Cross-species amplification failed in all congeneric species tested, supporting what seems to be a general trend of microsatellite development studies for lichen symbionts, that mycobiont-specific markers have higher intrageneric cross-species transferability than photobiont-specific markers (Dal Grande, 2011 ; Jones et al., 2012; Dal Grande et al., unpublished data). Four primer pairs did not amplify in the majority of samples tested and were therefore discarded. Twenty loci were polymorphic and consistently amplifiable in all samples of the four subpopulations of T. decolorans from the lichen X. parietina. Among the 20 microsatellite motifs, 11 were dinucleotide repeats, four were trinucleotide repeats, and five were tetranucleotide repeats. Sequences of the microsatellite loci as they appear in the original sample were deposited in GenBank (Table 1).

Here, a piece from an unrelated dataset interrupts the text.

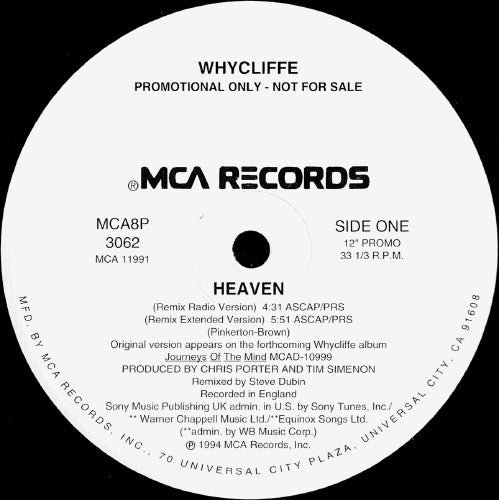 Whycliffe : Heaven (12", Promo)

The microsatellite loci produced three to 15 alleles per locus, and average haploid diversity over loci in four subpopulations varied from 0.636 to 0.821 (Table 2). A total of 36 unique multilocus genotypes were observed in the data set, suggesting that clonal diversity is high in this unicellular alga.

TABLE 2.

Results of initial primer screening in four German subpopulations of Trebouxia decolorans.

CONCLUSIONS

This set of novel polymorphic microsatellite markers can provide insights into fine-scale population structure and transmission mode of the common symbiotic alga T. decolorans. They are currently being used to analyze clonal diversity and photobiont selectivity in lichen communities with X. parietina and A. ciliaris.